Art Pepper with his dissolute, angelic face with Laurie Pepper as his Boswell collecting, remembering, recording, preserving. According to Laurie Pepper's liner notes for the "Geneva 1980" release, Art Pepper was deeply affected by the audience's response during the concert. She wrote about Art's exhilaration turned on by their rowdy, ravenous appreciation which inspired him to perform at his best. The enthusiastic and unexpected packed house energized Pepper, feeding his performance and allowing him to grow throughout the concert.
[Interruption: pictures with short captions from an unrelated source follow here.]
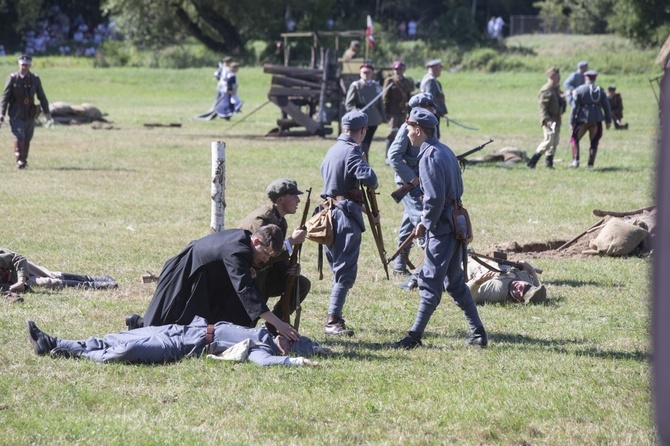 Bolszewika goń, goń, goń. Rekonstrukcja Cudu nad Wisłą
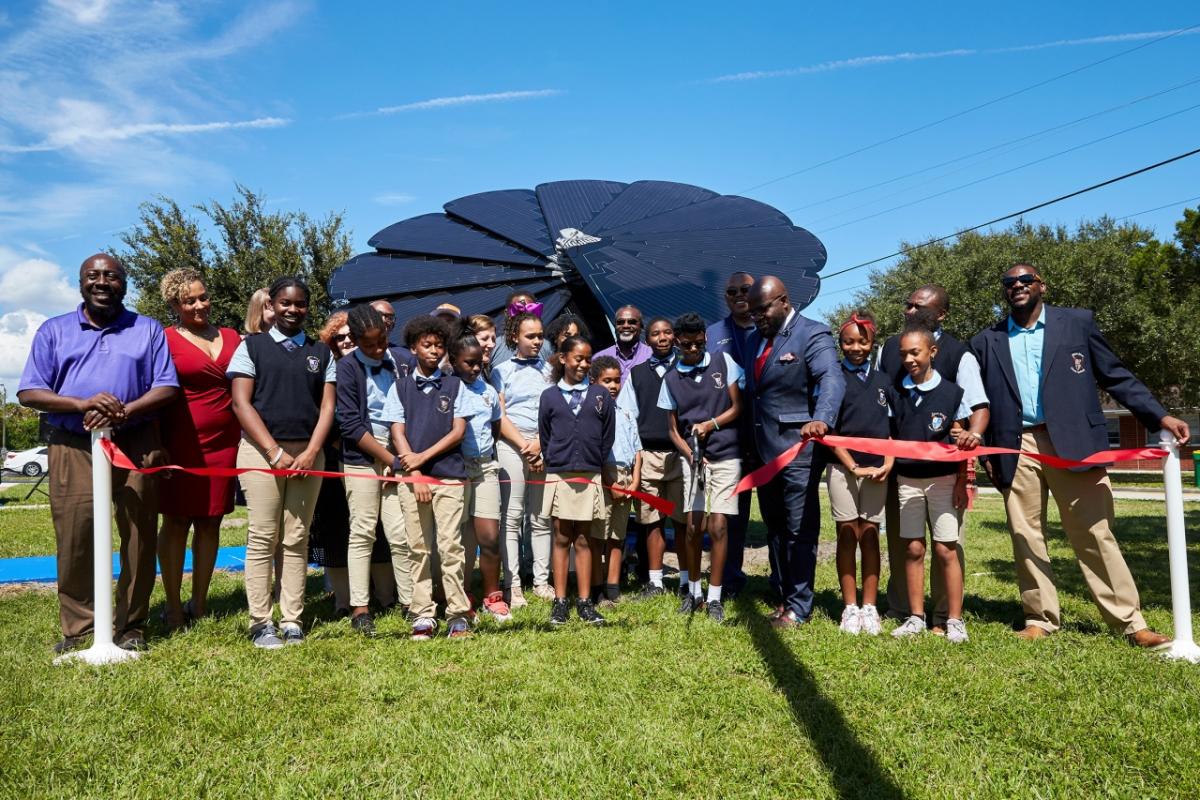 Mohawk Group Installs Latest Smartflower at Florida School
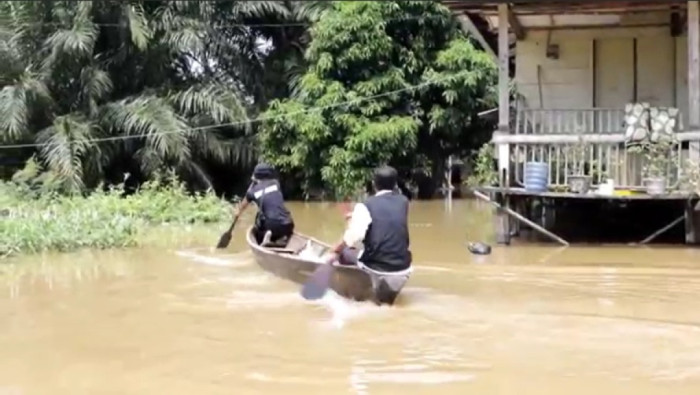 Memudahkan Mendatangi TPS, Pemerintah Kota Jambi Siapkan Perahu di Wilayah Banjir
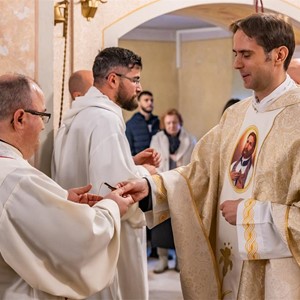 ​Imenovani biskup Marko Kovač podijelio svećenicima misijske križeve za Pučke misije Karlovačkoga dekanata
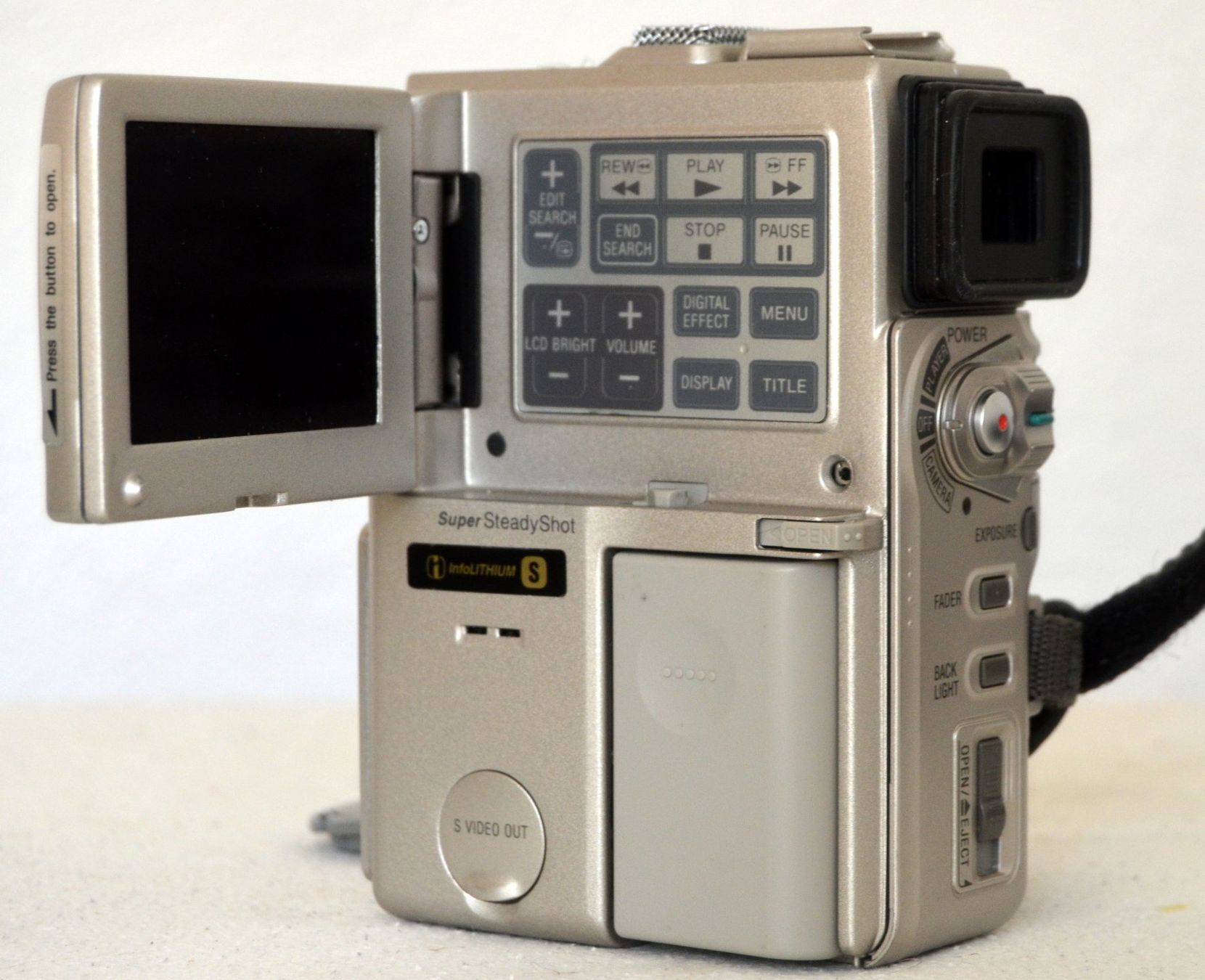 Sony Videocamere: Sony DCR-PC1 Camcorder MiniDV caméscope – Usato da Collonges venduto da arashee 5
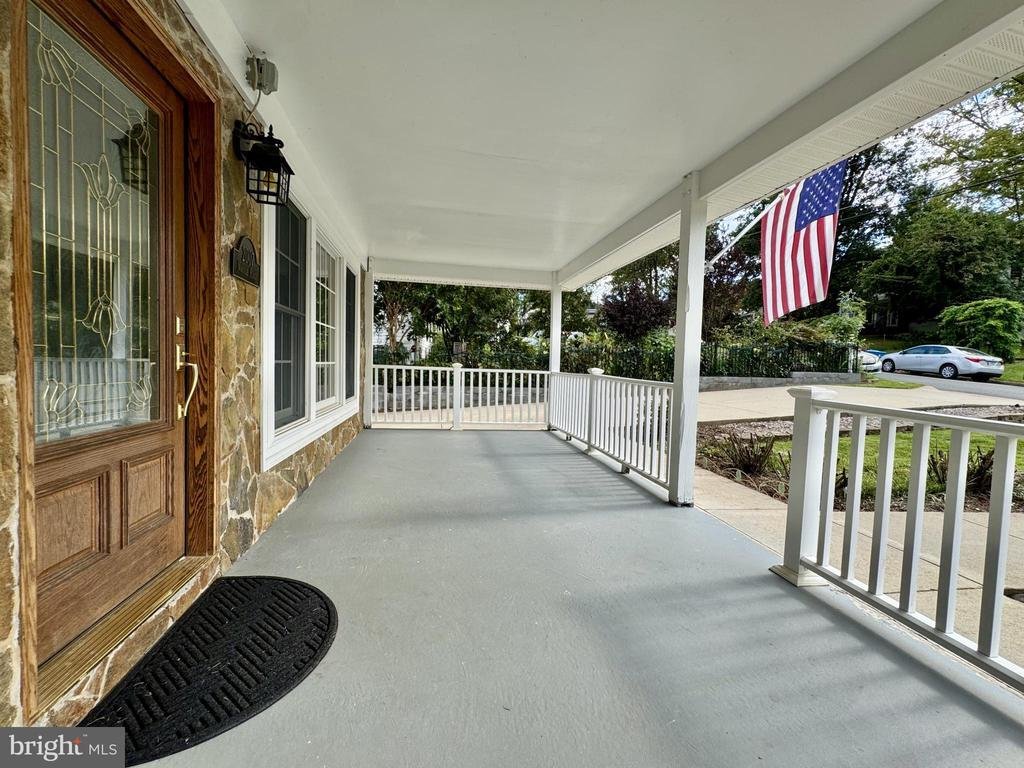 House in Pimmit Hills, Virginia, United States 4 - 19031984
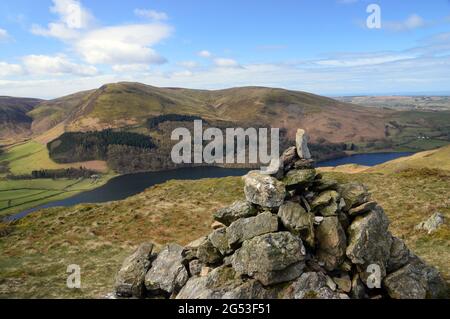 Carling Knott und die Wainwright Burnbank fielen auf dem Gipfel von Loweswater Fell, Cumbria, Großbritannien, über den Loweswater Lake vom Stones Pile (Cairn). Stockfoto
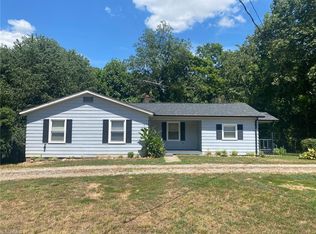 426 Pondview Dr, North Wilkesboro, NC 28659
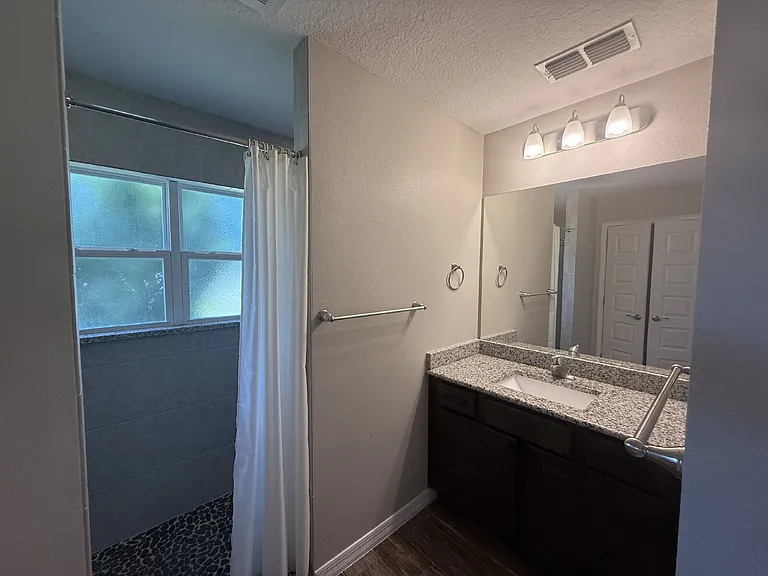 230 Wisconsin Ave — Photo 14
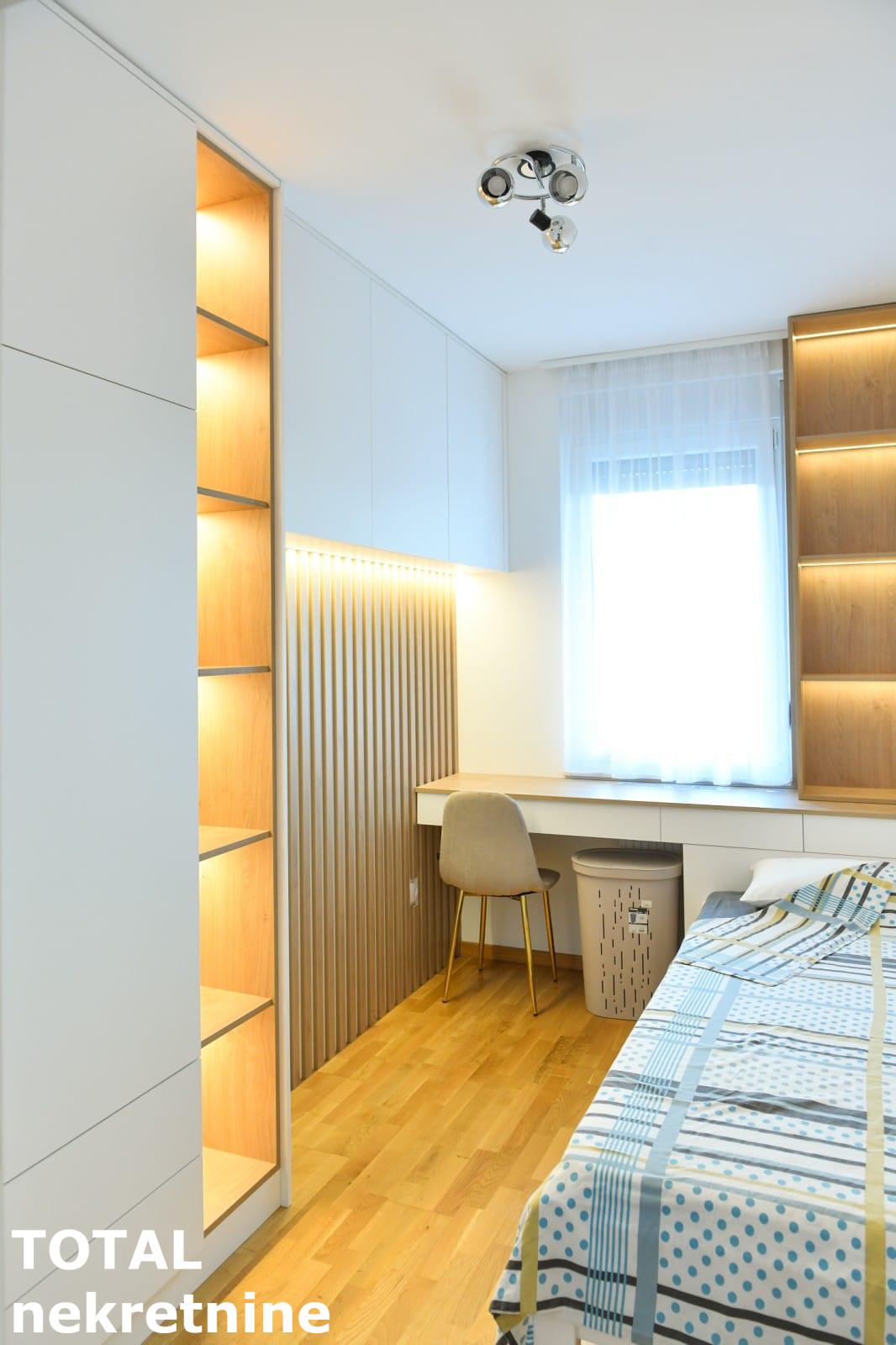 izdavanje-adamoviCevo-naselje-9189972-m5xdg Trosoban stan za izdavanje, Adamovićevo Naselje, Novi Sad, 65m², 900 €/mes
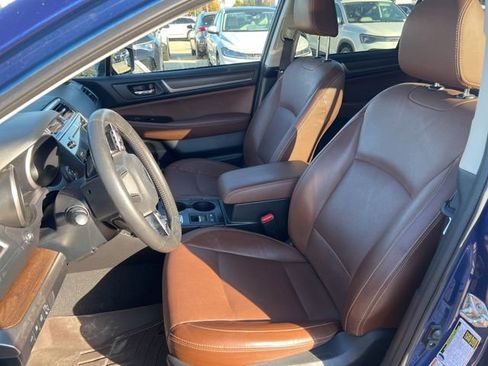 Used 2017 Subaru Outback 3.6R Touring image 7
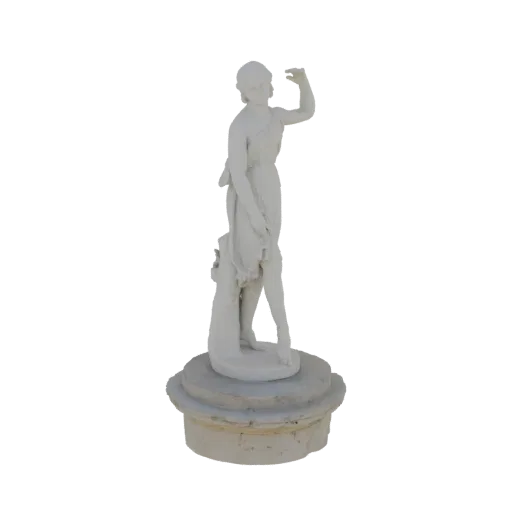 3D модель белой классической женской статуи в струящемся одеянии, стоящей на постаменте.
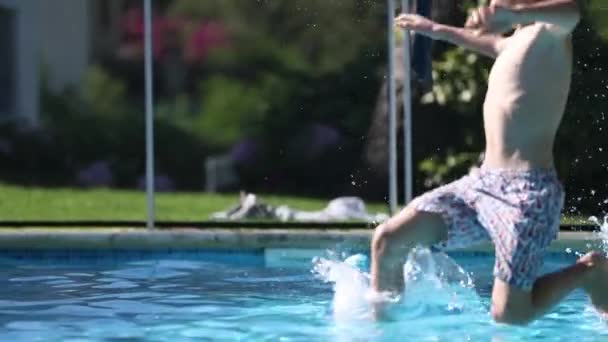 Kind Loopt Springt Zwembad Water 120Fps — Stockvideo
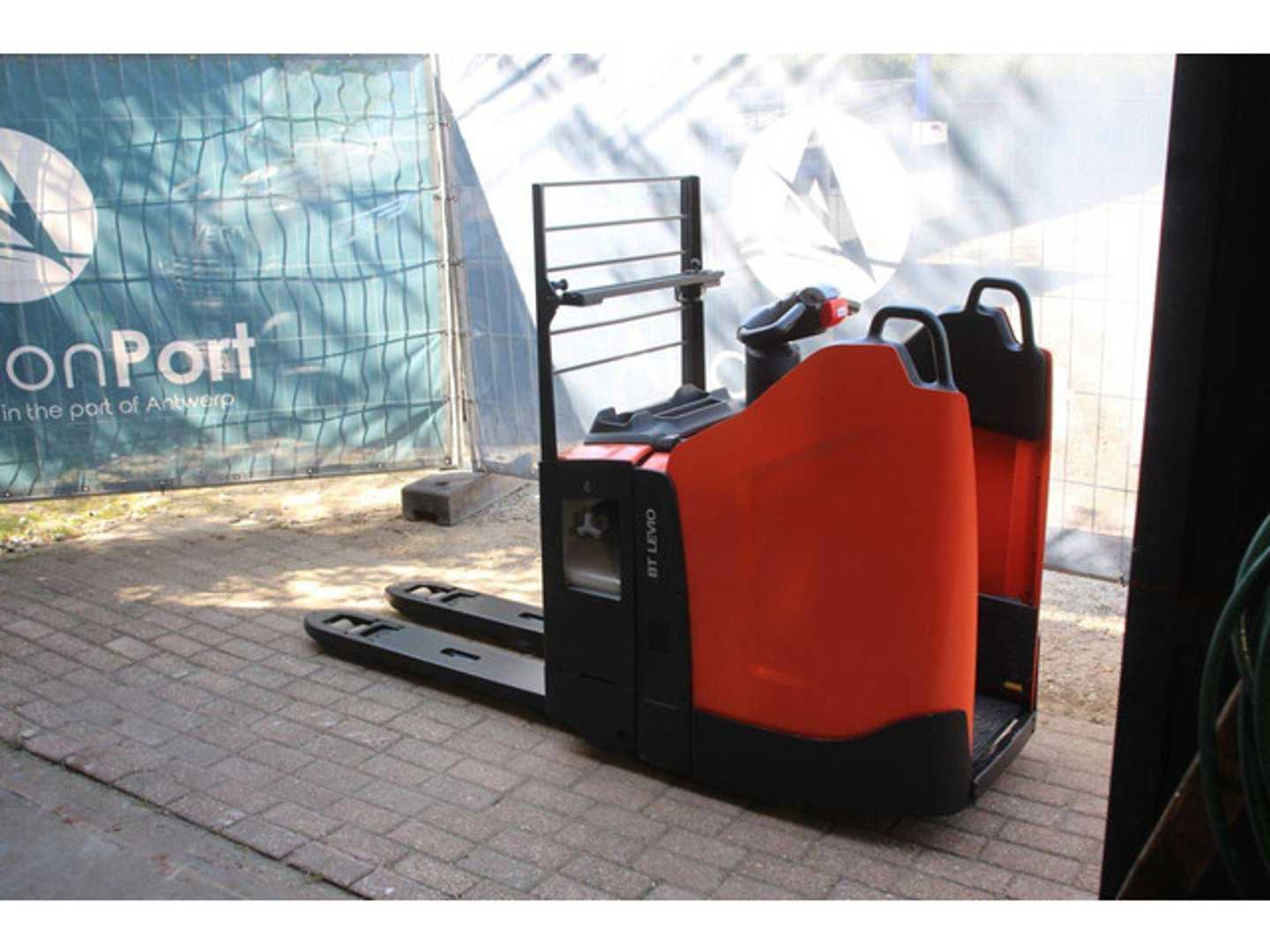 Used Forklift Toyota LPE250 Žemas vežimėlis (pusiau elektrinis) (Image 3)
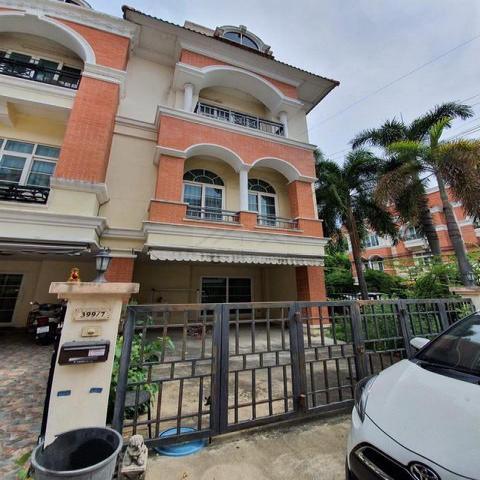 HR 6045 ให้เช่าทาวน์โฮม 3.5 ชั้นหลังมุม 3 ห้องนอน โครงการ Casa City ลาดพร้าว เลียบด่วนเอกมัย-รามอินทรา ซอยโยธินพัฒนา3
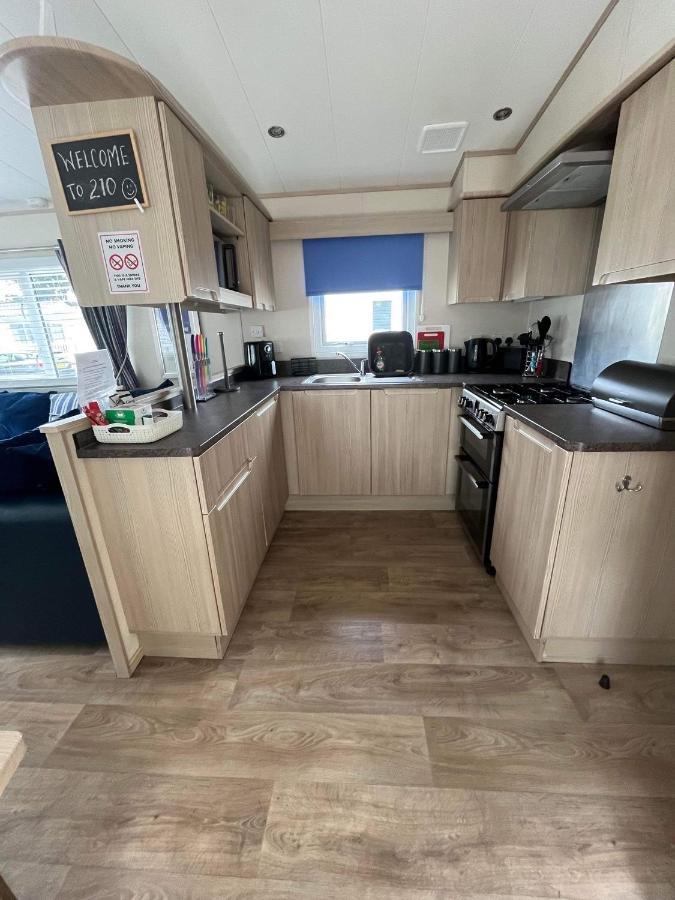 Tranquil Breaks Ltd Villa Prestatyn Exterior foto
Art Pepper's sound changed over the course of his life. There was the cool almost Konitz sound of the 1950s, through to the jagged Coltrane influence in the 1960s to the driven, go-for-a-broke, passionate sound of the latter years.
The recording is not perfect but it does render Art Pepper's sound with precise clarity so that we can appreciate both the beauty and the nuances of Art's playing. It also captures the atmosphere of the audience who are keen to express their enjoyment.
Milcho Leviev on piano was the unsung hero of the European tour band. He was not the first choice for Art Pepper, George Cables had that honor. Leviev had come to the States from Bulgaria eith an impressive backstory. He had worked with a Philharmonic Orchestra in Sofia as well as appearing at Montreux. When he eventually moved to the United States he worked with Don Ellis and Billy Cobham.
The Pepper-Leviev combination had its own tensions which sharpened Pepper's work. Laurie Pepper noted that Art Pepper was irritated by the way that Leviev backed Pepper's solos. Leviev was not a conventional jazz pianist. He was a wayward virtuoso and he had his own ideas and his own dynamic rhythms. Pepper frequently asked Leviev "to pretty up." Undoubtedly, the challenges that Leviev offered drove Pepper to greater heights. There are good examples of Leviev's work on the concert. Leviev's solo on "Goodbye" is where he creates a very different mood, completely lacking in sentimentality, from the one that Pepper had established. Leviev's solo on "Mambo Koyama" that is jagged and percussive, and he builds quite slowly the intensity to equal the power that Pepper had created earlier.
The tick-tock rhythm at the start of the twenty-two-minute "Make a List (Make a Wish)" does not prepare for what comes next: a solo teeming with non-stop, unrelenting, assertive ideas. It is a great artist at his best: coherent, committed, soaked with the joy of making jazz.
"Miss Who" is a thinly disguised "Sweet Georgia Brown" and it is played at a fast speed and within the capabilities of drummer Carl Burnett and bassist Tony Dumas. Art Pepper spins out a solo drenched with melodic ideas and intense creativity.
The highlight of the whole album is Art's playing on "Goodbye." The emotions are palpable. It is extraordinary, a great lyrical performance as he drives his searing thoughts through his horn, expressing sadness and desolation. It is a powerful memorable statement.
All who listen to jazz know that there are nights when the playing and the inspiration is mundane and routine. This concert is not like that: the four musicians are at a peak and it is thrilling and rewarding to hear it all.
The last few years of Art Pepper's life were extraordinary. He recorded over forty albums as he coped with his deteriorating physical condition. He was heroic. Laurie Pepper said that he was determined. "He was desperate to make up for the lost years and recognition was important. He knew how good he was. He wanted everyone else to know it."